Le vaste plan pour l'Amazonie, un rêve pour Bolsonaro
Mais cette politique pourrait être mise à mal par le vaste plan pour la forêt amazonienne dévoilé cette semaine par Jair Bolsonaro et destiné à ouvrir les terres indigènes à l'exploitation minière. Un "rêve" pour le leader d'extrême droite, qui fait régulièrement des remarques racistes sur les populations autochtones du pays, mais un "cauchemar" pour les écologistes et les chefs tribaux.
"Ma performance sera technique. Je ne favoriserai pas l'évangélisation des peuples autochtones", a assuré de son côté Ricardo Lopes Dias à Globo. À son poste, il disposera d'informations détaillées, comme des études de surveillance et de localisation, sur les tribus reculées.
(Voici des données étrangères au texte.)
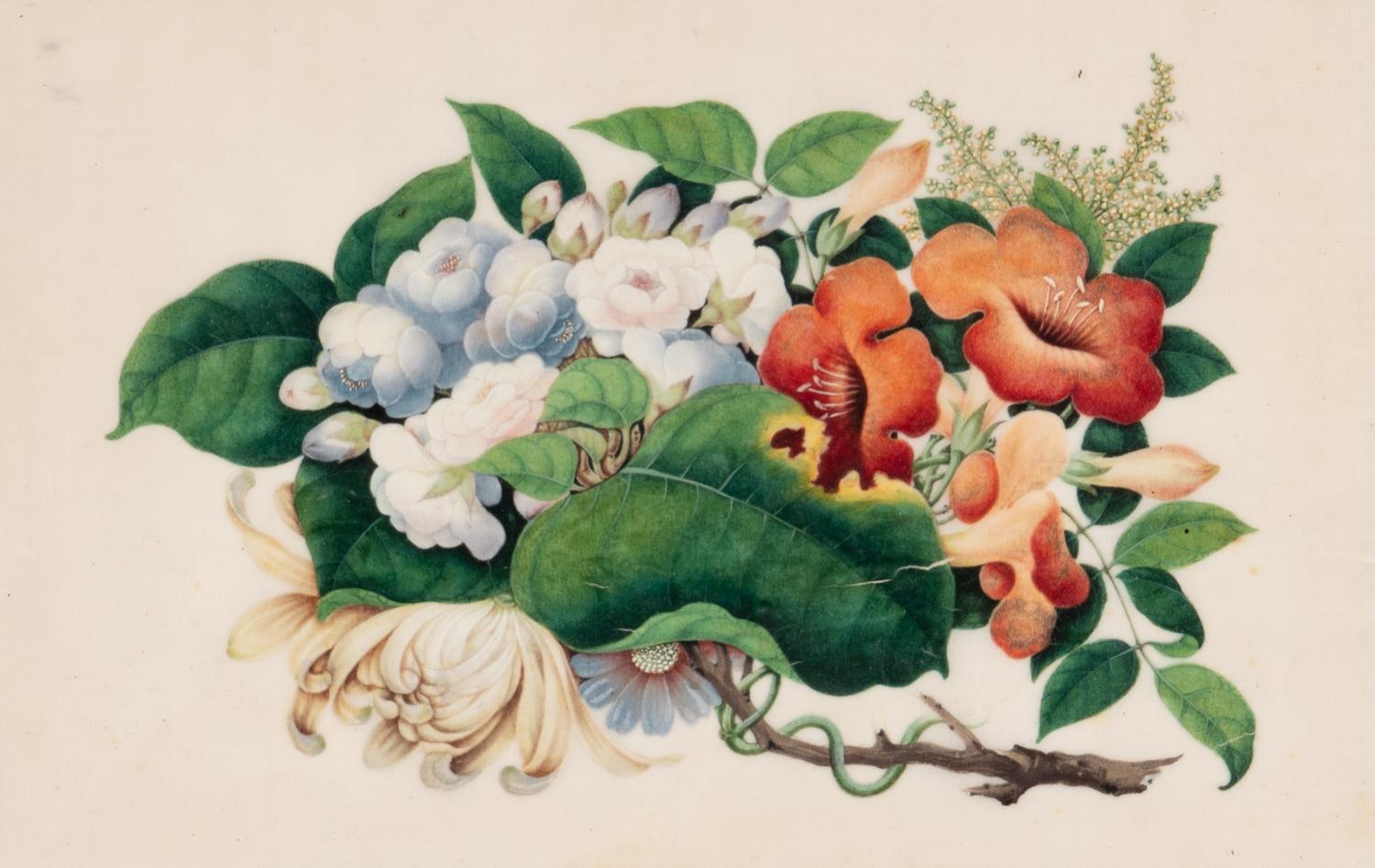 A Set of Twelve Chinese Export Watercolor and Pith Botanical Paintings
"Un missionnaire ne cesse jamais d'être missionnaire"
De quoi susciter de vives craintes pour Beto Morubo, chef de l'Unijava (Union des peuples autochtones de Vale do Javari), qui juge sa nomination "néfaste". "Le message envoyé par le gouvernement est clair : la priorité n'est pas la protection des Indiens, mais les enjeux du secteur de l'agro-industrie et des évangéliques", a-t-il déclaré à BBC News Brasil, craignant la disparition totale des derniers peuples isolés de la vallée de Javari.
Si Beto Morubo n'a jamais rencontré Ricardo Lopes Dias en personne, l'ancien missionnaire reste connu dans la vallée de Javari pour être entré en contact avec des autochtones du peuple mayoruna. "Ils ont une stratégie pour atteindre les populations autochtones en proposant des actions sociales dans l'éducation et la santé", précise à BBC News Brazil Antenor Vaz, ancien responsable du Département des Indiens isolés de la Funai. Depuis, certains sont devenus évangéliques et ont quitté les groupes.
Désormais, Antenor Vaz s'inquiète pour l'intégrité des peuples autochtones d'Amazonie. "Un missionnaire ne cesse jamais d'être missionnaire", souligne-t-il.